In particular, The phantom tollbooth is great, it's almost in a league with Alice in Wonderland. Like Carroll it's properly surreal, not just goofy, and it's quite mathsy. It might be that you need to read it as a child to get the most out of it, but I thoroughly recommend it, and it's a short, light book besides.

The last of the wine is also awesome. I love Renault's gay ancient Greeks stuff, and this is probably the best of them as well as the gayest.

OTOH, The sparrow is, in my opinion, terrible, and reading it will make your life worse. It gets a lot of praise, and it's doing some original things, but one of the main things it got hyped for (including, I believe, the Tiptree award) is that a large part of the plot deals with rape, with the victim being male. Things that are good about it: it's a rare example of SF that really engages with real world Christianity and even theology. It has some interesting stuff about communicating with aliens. Things that are bad about it: everything else, omg.

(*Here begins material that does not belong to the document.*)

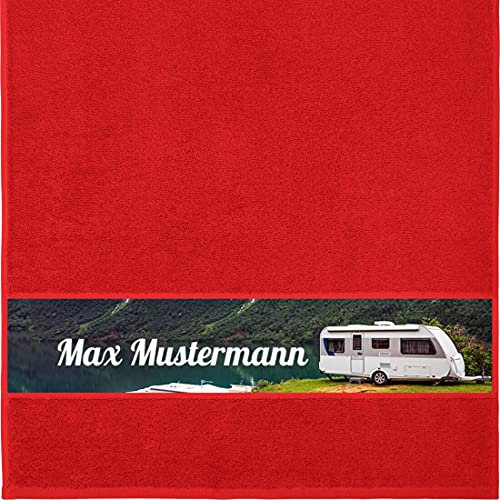 Manutextur Handtuch mit Namen - personalisiert - Motiv Wohnwagen 1 - viele Farben & Motive - Dusch-Handtuch - rot - Größe 50x100 cm - persönliches Geschenk mit Wunsch-Motiv und Wunsch-Name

Terrible prose, terrible characterization, doesn't make sense, lots of rape and torture as a device to evoke emotions.

Several other opinions too, but those are the strongest.
sophia_sol: photo of a 19th century ivory carving of a fat bird (Default)

[personal profile] sophia_sol 2017-11-15 09:42 pm (UTC)(link)
First Test! I love that book. I love the whole quartet it's a part of. I love the main character Kel a whoooole bunch.

Otherwise: I moderately enjoyed The Thirteenth Child when I read it (other than the lack of Native people thing), I moderately enjoyed Old Man's War when I read it, and Dawn was an objectively good book that I didn't like. Oh and I'm annoyed about Lovecraft stealing the name Sarnath from an important historic Buddhist site.

sheliak: Tik-Tok from the Oz books, reading a book. (reading: tik-tok)

[personal profile] sheliak 2017-11-16 12:22 am (UTC)(link)
God Stalk: I love this to the point of incoherence. Especially the setting; Tai-Tastigon is probably my favorite fictional city ever, so vivid and strange. There are sequels, but it stands alone pretty well. The sequels are a slightly different subgenre, and start off strong and then slowly decline. I'm not sorry I read them (there are some great characters introduced later on) but only the second + third are anything like as strong as the first, and they don't stand on their own nearly as well.

Half Magic: Loved this as a kid, agree about the racism fairy though. The best of the sequels is Knight's Castle, which IIRC stands alone pretty well and has few opportunities for the racism fairy to get a foothold. That one's basically Ivanhoe fanfic, which I would probably appreciate more if I'd ever read Ivanhoe, but I still really liked it.

The Phantom Tollbooth: I tried to read this as a kid, bounced very hard off of it for the same reasons I bounced off of Alice in Wonderland—I wasn't good with surrealism as a kid. A few years later I tried it again and liked it much better.

First Test: I'm more of an Emelan fan than a Tortall fan, but Kel is probably my single favorite of Pierce's heroines. I'm really fond of the cast in this series.

The Book of Lost Tales: I have read this. I remember literally nothing about it. I think I still have a copy in my bedroom.

The Thirteenth Child: I remember it as being restful and just on the edge of being boring. I mostly did like it, but have 0 desire to ever revisit the book.

Everything else I went by reputation, or title if I'd never heard of it or the author.
Edited 2017-11-16 00:24 (UTC)
luzula: a Luzula pilosa, or hairy wood-rush (Default)

[personal profile] luzula 2017-11-16 08:02 am (UTC)(link)
You should read The Book of Lost Tales only if you're a Tolkien completist. Like, if you love Silmarillion and Tales of Middle Earth and then say to yourself: but now I really want to know what these same stories looked like in early versions, when Tolkien was still calling the Noldor "Gnomes" and Quenya was spelled Qenya.